Caption-style text data:
########################################

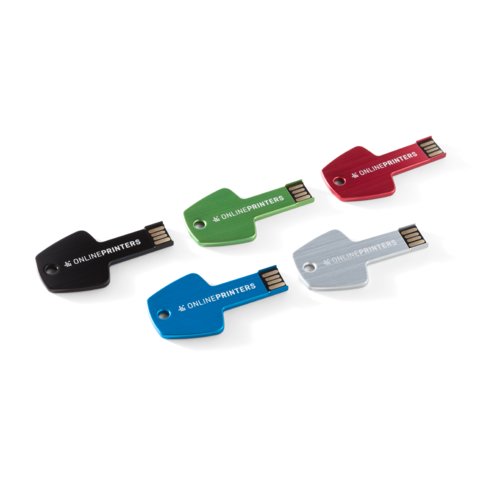 Chiavette USB, Chiavette 1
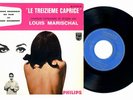 Le treizieme caprice French OST Jazz MOD JERK EP?? More great 45s in my shop 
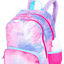 Mochila Grande Sestini X Mermaid - Colorido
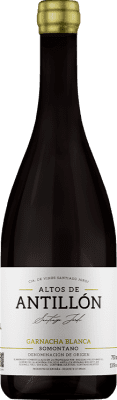 The Wine Hunter Altos de Antillón Blanca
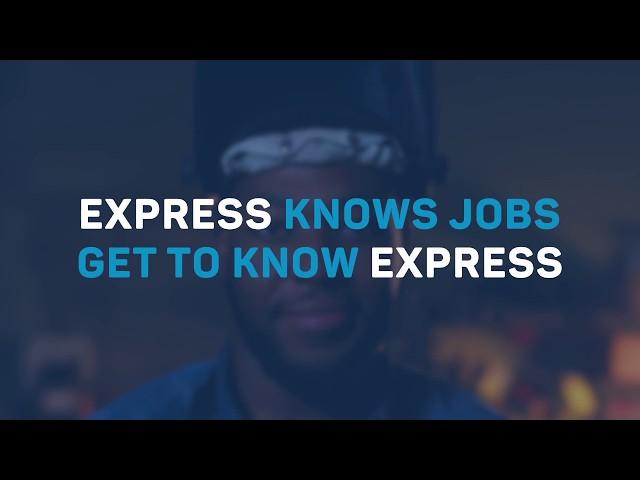 Express Has Skilled Trades Jobs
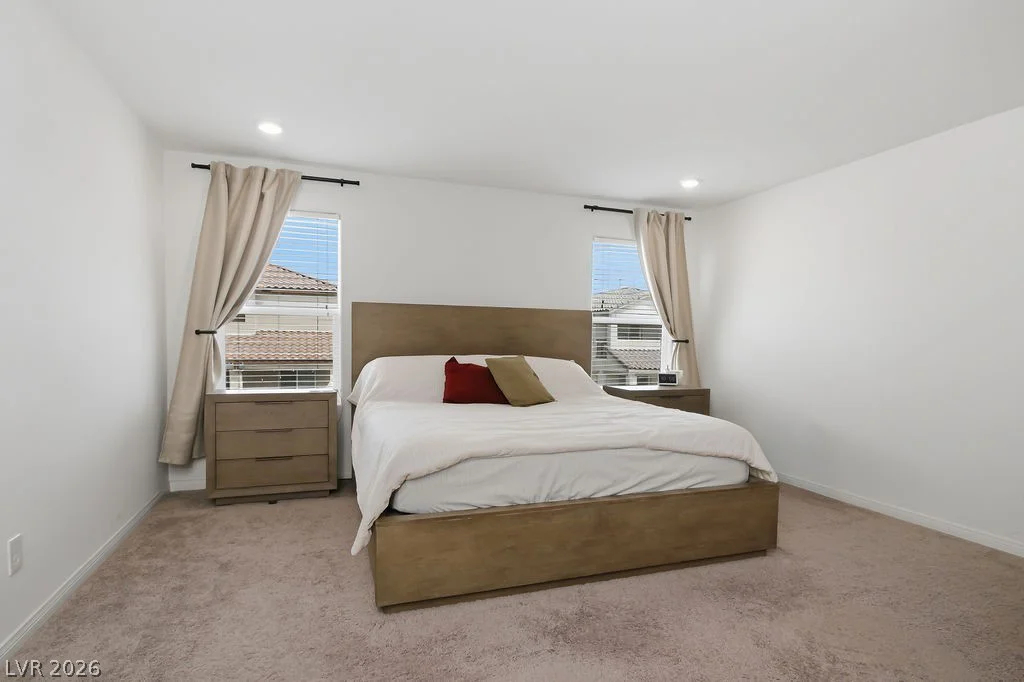 4000 Victoria Agave, Las Vegas, NV 89141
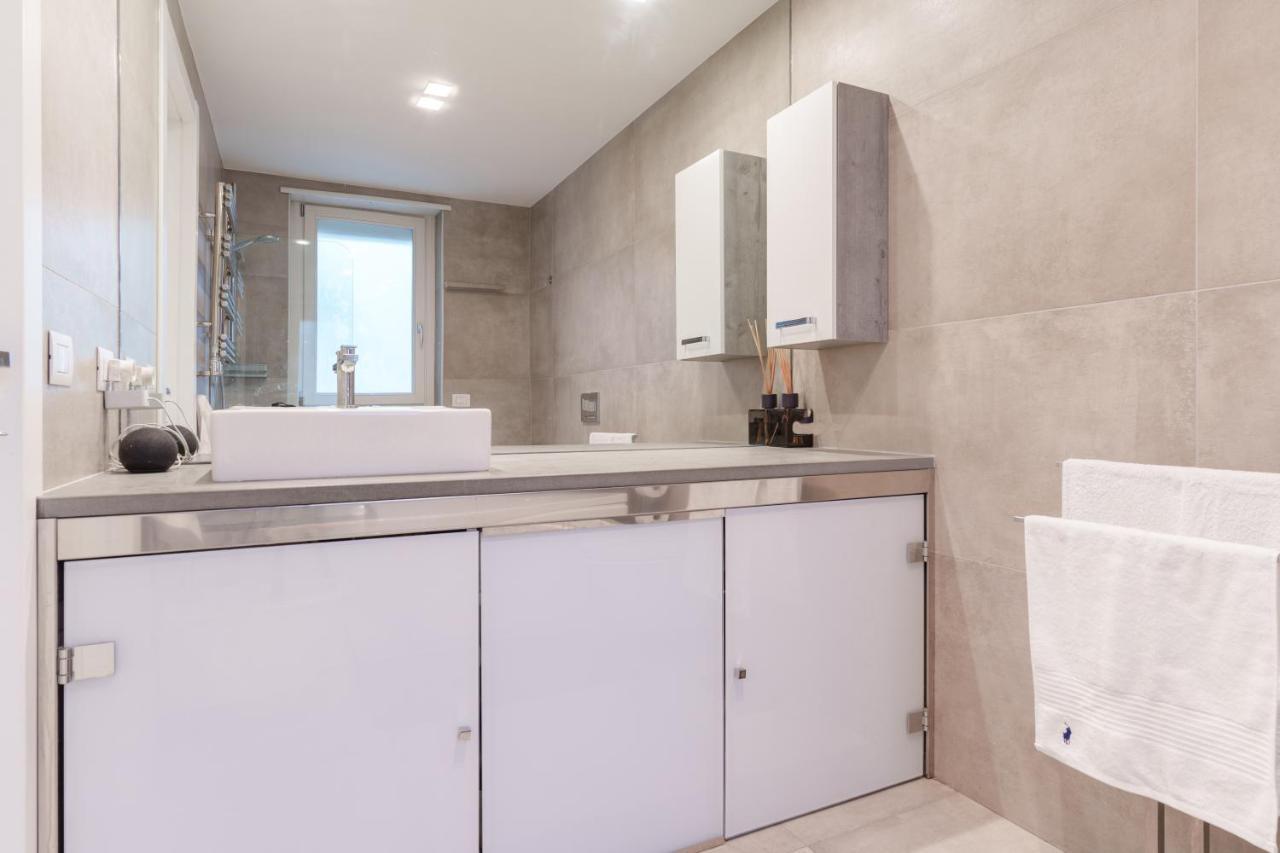Seven Luxury Apartment Parioli Rome Extérieur photo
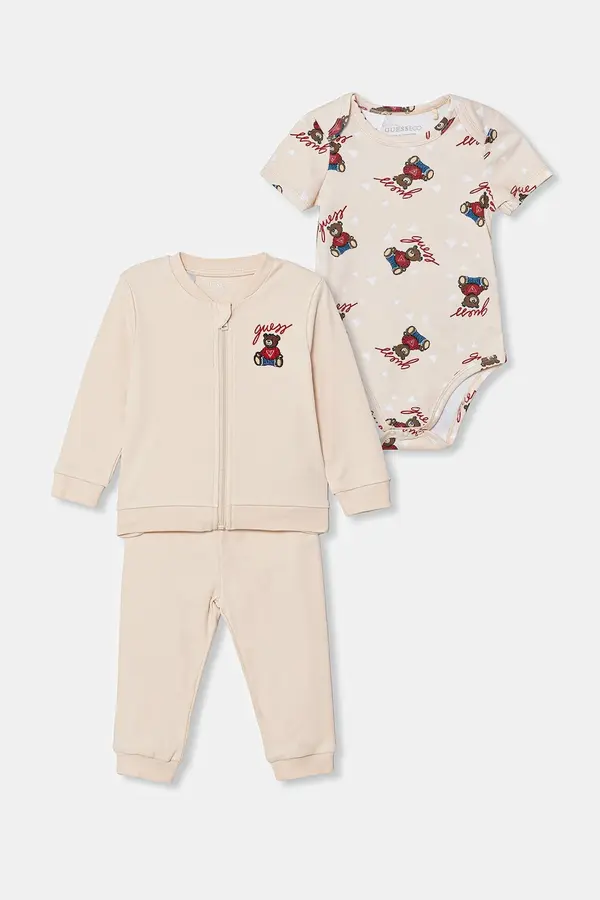 Guess Trenirka za bebe Guess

########################################

TASK TO CARRY OUT: Exact repetition is the task: every line from the start of the data to the line with "4000 Victoria Agave, Las Vegas, NV 89141", inclusive, and none after it, pictures omitted.

TASK ANSWER:
 Chiavette USB, Chiavette 1
 Le treizieme caprice French OST Jazz MOD JERK EP?? More great 45s in my shop 
 Mochila Grande Sestini X Mermaid - Colorido
 The Wine Hunter Altos de Antillón Blanca
 Express Has Skilled Trades Jobs
 4000 Victoria Agave, Las Vegas, NV 89141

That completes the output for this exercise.